For a while I have used a variety of relational SQL databases with R, such as PostgreSQL, MySQL, and SQLite. A recent project introduced MongoDB, a popular NoSQL database that stores and indexes JSON-style documents. The data is semi-structured with a rapidly changing collection of fields in the documents.
In R, there are two packages RMongo
and rmongodb
for accessing
MongoDB databases. I chose rmongodb
since it uses a native C driver
instead of the Java based RMongo
. The rest of this article assumes
some knowledge of R and MongoDB.
First, begin by connecting to the MongoDB database.
library(rmongodb)
mongo <- mongo.create(host="mongosrv",
username="me",
password="pass",
db="mydb")
Define the subset of fields to use for querying and retrieval.

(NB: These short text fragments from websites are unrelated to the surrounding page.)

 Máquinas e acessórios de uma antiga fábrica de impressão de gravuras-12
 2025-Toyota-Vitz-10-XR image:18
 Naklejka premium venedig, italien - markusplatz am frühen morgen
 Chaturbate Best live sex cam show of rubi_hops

An R list is a convenient data structure for the representation,
and several rmongodb
commands can use lists directly or
create JSON and BSON from the lists.
myfields <- list( name = 1L,
address = 1L,
closing_date = 1L )
Very important for MongoDB is to create and use an index that includes the fields to retrieve. During data load, create an index
mongo.index.create(mongo, "mydb.homepurchases", myfields)
Get the number of records to be retrieved.
n <- mongo.count(mongo, "mydb.homepurchases")
For the query, it is tempting to use the mongo.find()
function
using the standard collection of parameters. Make sure to remove
the _id
field in the return unless it is part of your index.
fields <- list( name=1L, closing_date=1L, _id=0L )
cursor <- mongo.find(mongo,
"mydb.homepurchases",
query=list(),
sort=list(closing_date=1L),
fields = fields)
Even with a covering query, this can be slow because the index might
be ignored. Instead, instruct R to set a query hint with the index
to use. This seems to require building a more complicated description
of the query, and to include the sort order in the query instead of passing
it as a parameter. Also in the final successful version, the fields
are encoded in BSON before passing on to mongo.find()
.
query <- list("$query" = list(),
"$orderby" = list(closing_date=1L),
"$hint" = myfields )
query <- mongo.bson.from.list( query )
fields <- list( name=1L, closing_date=1L, _id=0L )
fields <- mongo.bson.from.list( fields )
cursor <- mongo.find(mongo,
"mydb.homepurchases",
query=query,
fields=fields)
When retreiving the results, particularly a large number of them, don't
use mongo.find.all()
, which is very slow due to its implementation.
Although ugly, preallocate space for the results and use
rmongodb
s low level functions. Of course, you can wrap this
in a function of your own within your own application.
names <- character(n)
dates <- character(n) # Use a date class if desired
i <- 0
while(mongo.cursor.next(cursor)) {
i <- i+1
val <- mongo.cursor.value(cursor)
tmp <- mongo.bson.value(val, "name")
names[i] <- ifelse(length(tmp) > 0, tmp, NA)
tmp <- mongo.bson.value(val, "closing_date")
dates[i] <- ifelse(length(tmp) > 0, tmp, NA)
}
mongo.cursor.destroy(cursor)
mongo.destroy(mongo)
df <- data.frame(names=names, dates=dates)
Using the hint in the query sped up the query for over 30,000 records from over 30 seconds to about 0.5 seconds. Preallocating data and using the low level routines to gather results cut the time for data storage by about a factor of 2.
Once this was accomplished, it was possible to include queries to MongoDB in an interactive Shiny app without serious lag.